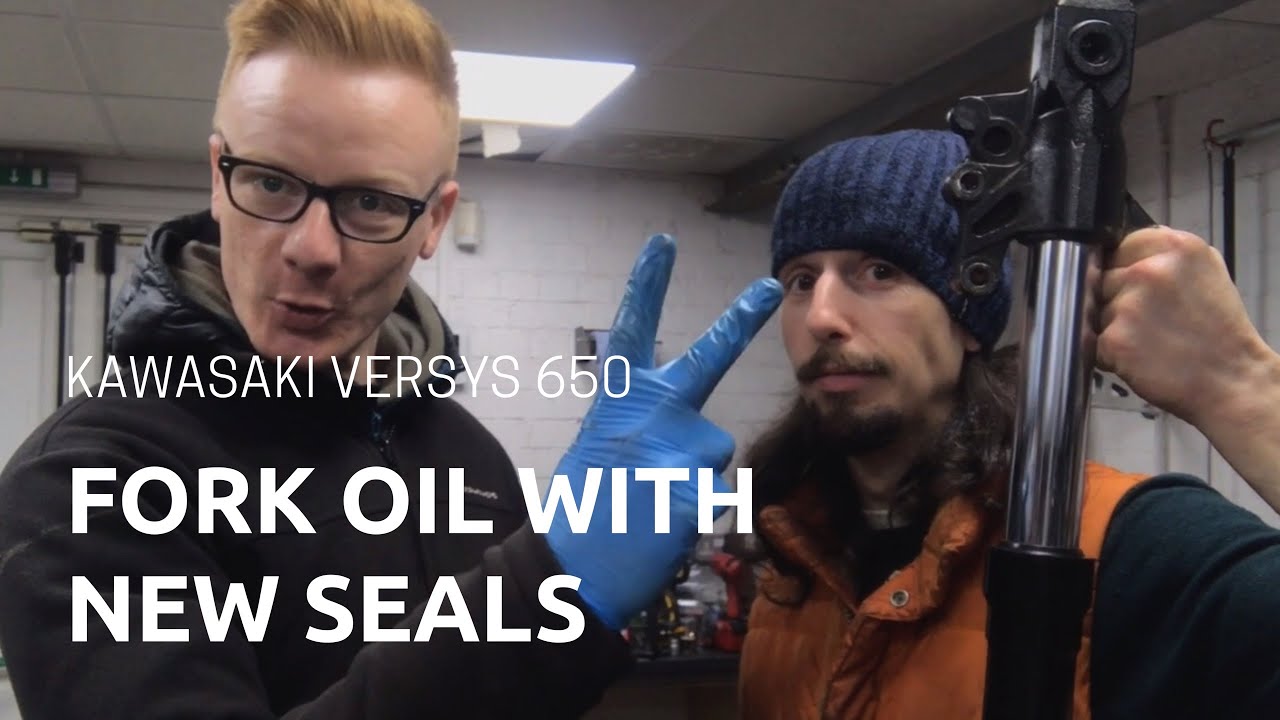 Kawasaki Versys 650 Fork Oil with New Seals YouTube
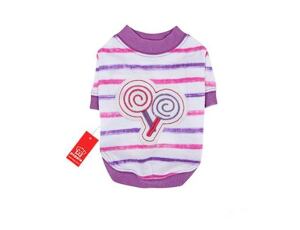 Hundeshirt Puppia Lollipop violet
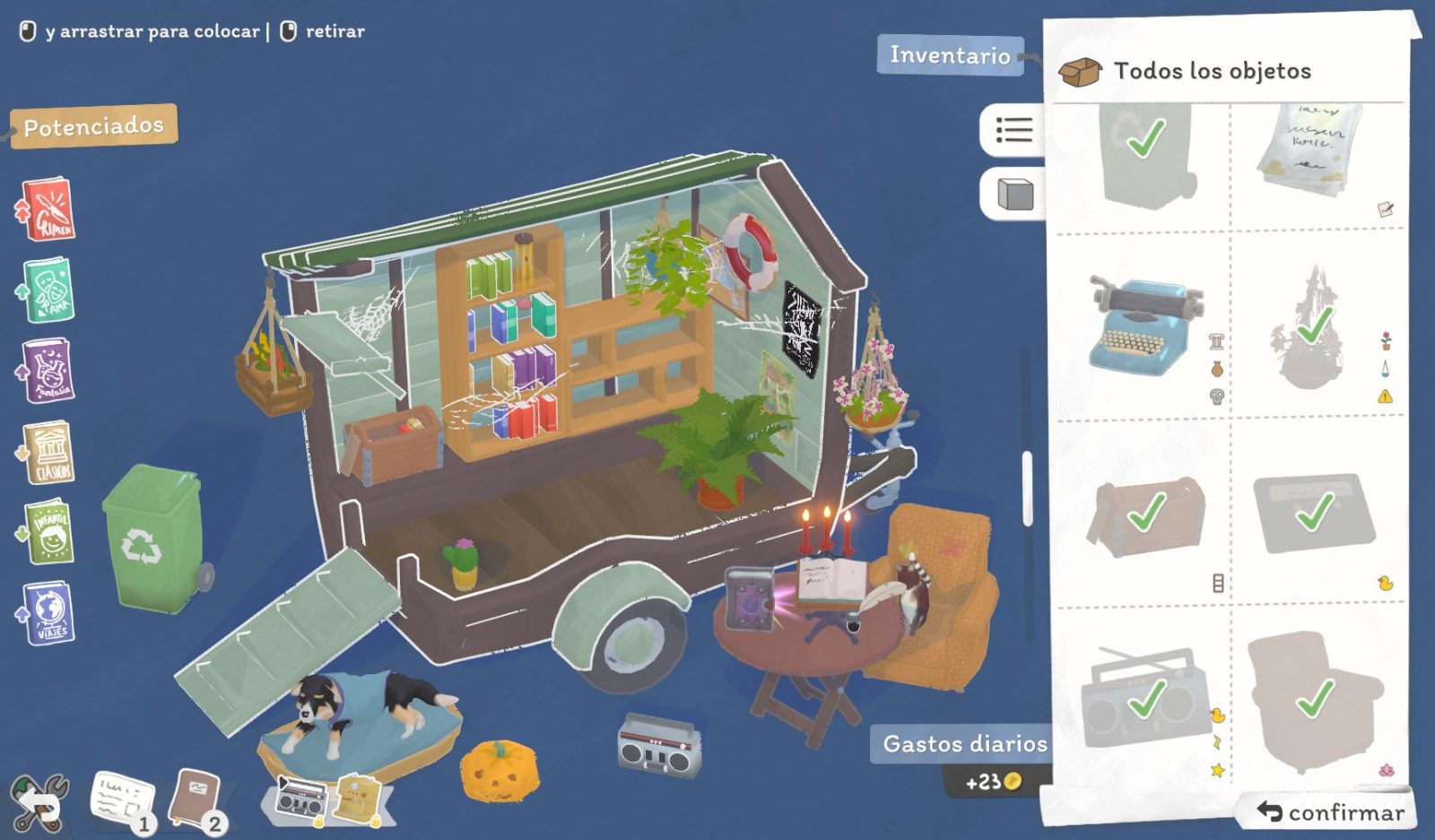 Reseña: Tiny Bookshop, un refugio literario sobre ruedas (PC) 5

→ TASK:
Give the data again exactly as written, with no pictures included.

→ WRITTEN SOLUTION:
 Kawasaki Versys 650 Fork Oil with New Seals YouTube
 Hundeshirt Puppia Lollipop violet
 Reseña: Tiny Bookshop, un refugio literario sobre ruedas (PC) 5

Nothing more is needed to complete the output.